Europe’s major decision makers made their bed and now they’re going to have to lie in it. However it is we, the investor and taxpayer, who are going to have to foot the bill.
It seems that European utility shares are set to go into free-fall in comparison to competitors in Asia and the U.S. due to the hugely ambitious (some would say massively naàƒ¯ve) carbon dioxide cuts promised by Europe’s big wigs at last year’s Copenhagen Climate Summit.
In comparison the Asian and U.S. diplomats set targets that were realistic — but not newsworthy. After all, you don’t want to fall in the trap of over promising and under delivering, which is exactly what the Europeans have done. It’s like buying a car without looking under the hood to check there’s an engine present.
To honor the CO2 cuts promised at the Copenhagen Summit, already financially strapped European governments will have to co-invest with private utility companies $1,500 billion, which in turn will spark a mini gold rush as contractors and third party companies from overseas fight to be awarded contracts.

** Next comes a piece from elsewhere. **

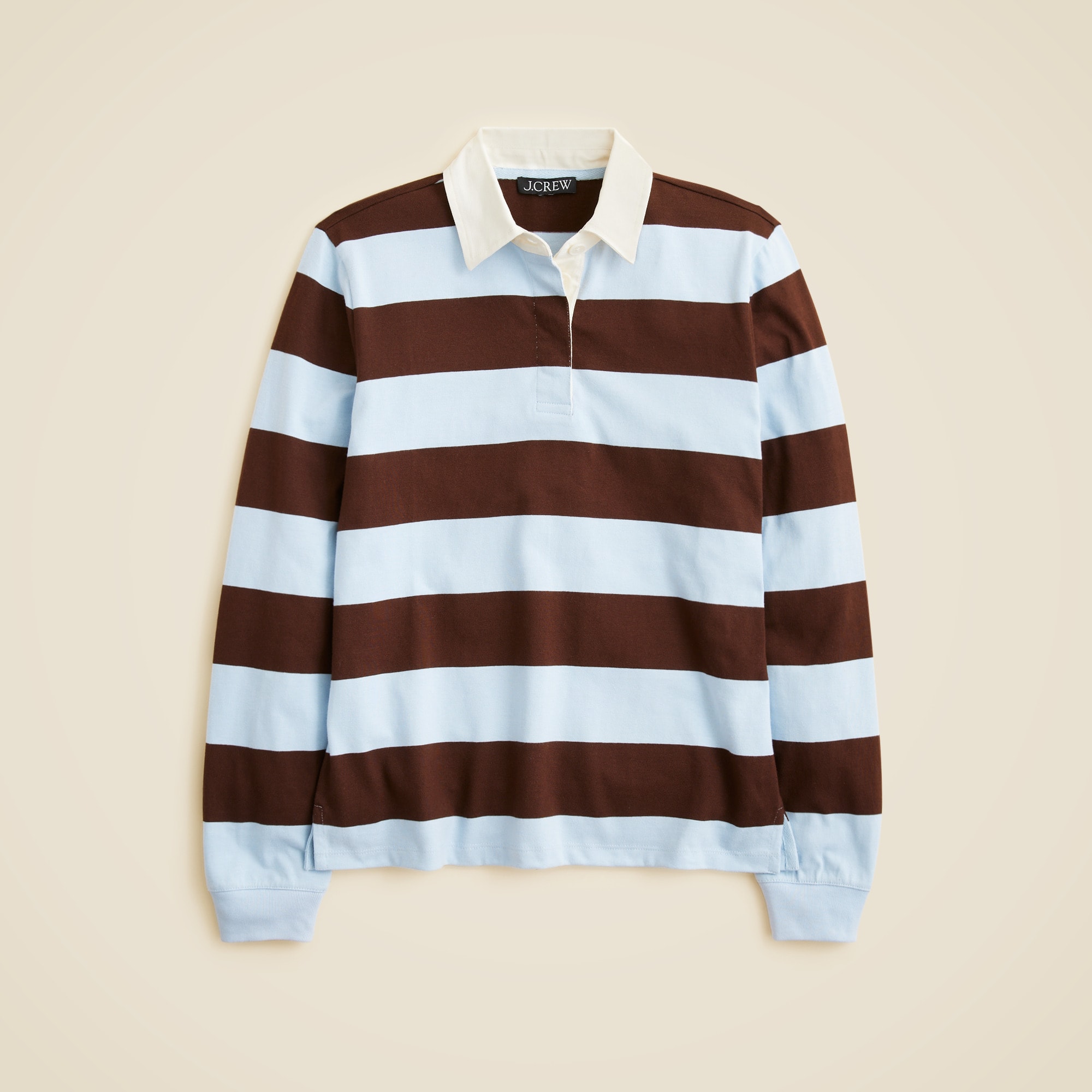New Premium-Weight Classic Rugby Shirt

Did these decision makers actually investigate whether or not these targets where achievable?
Did they go on vacation on a solar powered boat to the Caribbean during the worst economic crisis in 100 years?

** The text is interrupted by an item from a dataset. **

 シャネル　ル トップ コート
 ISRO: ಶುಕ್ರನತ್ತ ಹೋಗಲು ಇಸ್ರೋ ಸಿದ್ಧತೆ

To begin the repair job or at least endeavor to try and meet these targets, industry heads came together last week in Vienna at the Next Generation Utilities Summit after a widely publicized announcement from Verizon on how they planned to work alongside utilities companies to implement the smart grid.
Rilck Noel, vice president and managing director of Verizon Business spoke out on how a communications expert would be able to aid utility companies in meeting their targets and their recent joining with SmartSynch.
“As the power industry employs more Internet protocol (IP)-based controls and machine-to-machine communications to monitor and control power generation, transmission and distribution, we can apply our communications expertise to help accelerate the adoption of smart grids.”
This allows utility companies to deploy smart grid technologies without having to build dedicated communications networks for data transfer.
Kieran Berkley, Summit Director of the Next Generation Utilities Summit confirmed the progress and the positives to come from the recently held summit.
“For me this summit was put together to answer the questions never asked at last year’s mostly unsuccessful Climate Conference. The attendees discussed, deliberated and have made substantial progress in solving the problems put forward and going some way to making sure they hit Europe’s CO2 reduction target by 2020 and more importantly putting procedures into place so they can carry on reducing the CO2 emissions for the foreseeable future.”
These are the first steps on the long road to improvement for the European governments and utility companies. Many more cost saving initiatives will be needed to kick start investment into our inefficient energy infrastructure.
Let’s just hope that these realistic industry heads meet more often to brainstorm and the unrealistic idealists stick to dreaming of chocolate teapots and paper umbrellas.